IWD 2014: Women pay high price for unpaid care work


As the debate about a future global development agenda to succeed the Millennium Development Goals in 2015 gathers pace, there is broad agreement that gender equality and women’s empowerment are crucial components. A growing body of robust evidence shows that countries that have achieved greater gender equality in employment and education also report higher rates of human development and economic growth, while women’s empowerment is increasingly seen as central to reducing poverty and better public health outcomes.

Many proponents of gender equality seek to pursue this goal by promoting women’s access to work and entrepreneurship opportunities, and increasing women’s political participation.
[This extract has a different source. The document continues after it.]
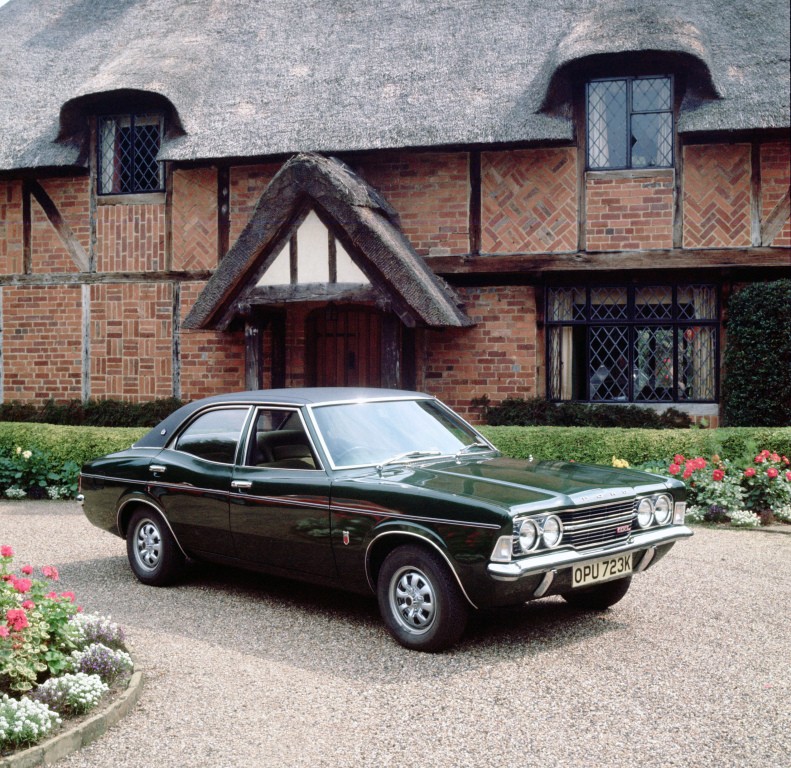 Ford Cortina photo 12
All too often, however, these initiatives overlook a fundamental structural cause of gender inequality: women’s overwhelming responsibility for unpaid care work in homes and communities all over the world.

Unpaid care work

Unpaid care work is the cooking, cleaning and direct care of persons that keeps our societies and workforces running; in many developing countries it includes fetching water and fuel for domestic consumption. The time demands are enormous. In sub-Saharan Africa, for example, women and girls spend 40 billion hours a year collecting water, equivalent to a year’s worth of labour by the entire workforce in France.
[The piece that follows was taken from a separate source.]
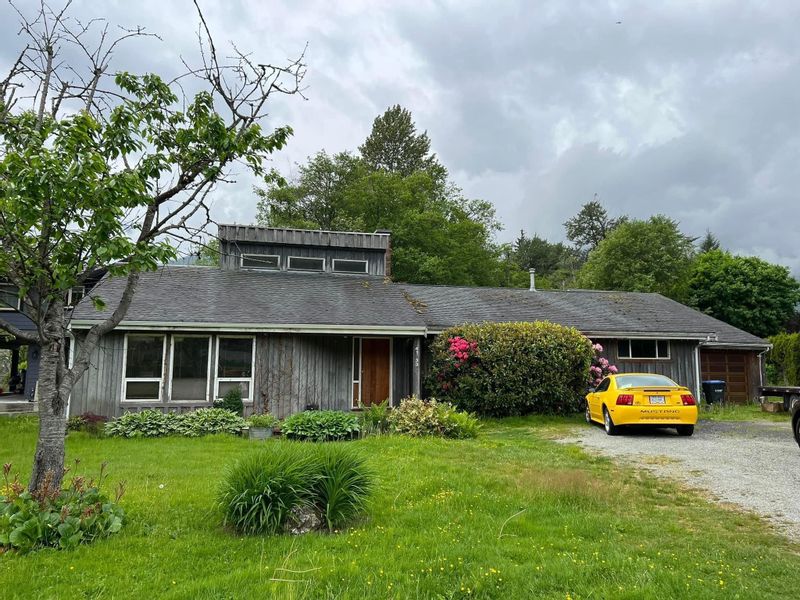 FEATURED LISTING: 41533 GOVERNMENT Road Squamish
Women’s disproportionate responsibility for unpaid care work, and the persistent and powerful gender stereotypes that underpin this unequal distribution, represent a significant obstacle to achieving gender equality and women’s rights, such as the right to decent suchwork, the right to education, the right to health and the right to participate in public life.

Unpaid care work is a major obstacle to women taking on paid employment or starting an income-generating activity outside the home. For example, a study in Latin America and the Caribbean showed that over half of women aged 20-24 do not seek work outside the home because they are performing unpaid care work. Moreover, women’s participation in paid work is not in and of itself empowering if women are still bearing primary responsibility for work in the home, in effect working a ‘second shift’ after their paid workday ends.
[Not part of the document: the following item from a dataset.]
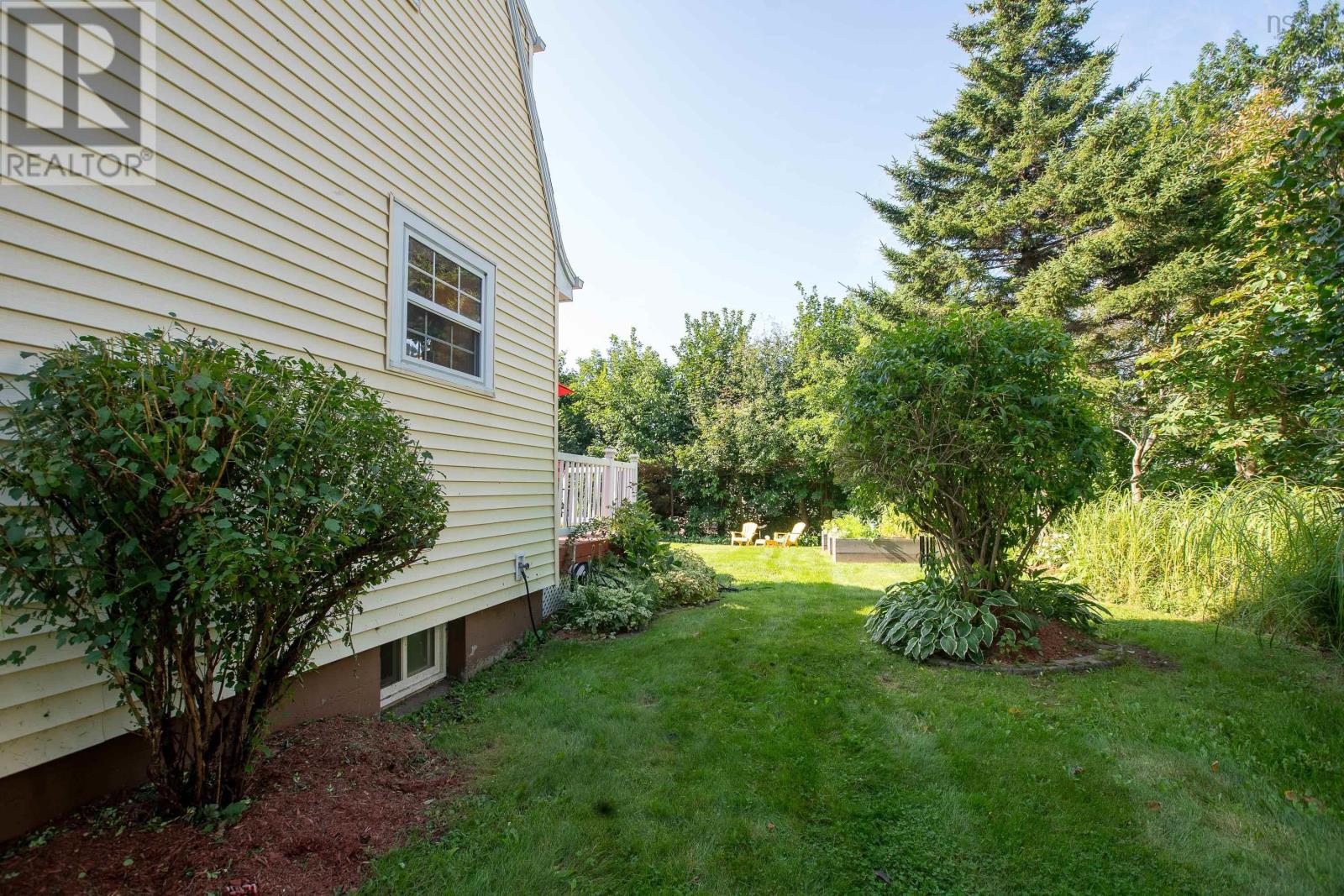 76 Pleasant Street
 Further, unpaid care work restricts women’s opportunities for professional advancement, limits their pay level and increases the likelihood of women ending up in informal and insecure work. At the same time, the gender stereotypes that put the burden of care on women also negatively impact men, who experience social pressure to be ‘the breadwinner’, providing for their family financially rather than by caring for them more directly.

Girls’ right to education is also at stake. In the most extreme cases, girls are pulled out of school to help with housework and to care for younger children and other family members. More often, girls’ chances to achieve equally in education are constrained because their domestic responsibilities leave them less time than boys for studying, networking or extra-curricular activities. Without equal educational opportunities, women and girls are even less able to access well-paid, decent jobs that could enable them to escape poverty.

Ultimately, the unequal distribution of unpaid care work undermines poverty eradication efforts. Poor women cannot afford outside help or time-saving technologies such as grain-grinders and fuel-efficient stoves, and they often cannot rely on decent infrastructure such as piped water or electricity. Their unpaid care work is therefore particularly intense and difficult. Time poverty also affects women’s political and social empowerment – how can women be expected to attend community meetings or leadership training if there is no one else to care for their children or for sick and frail family members at home?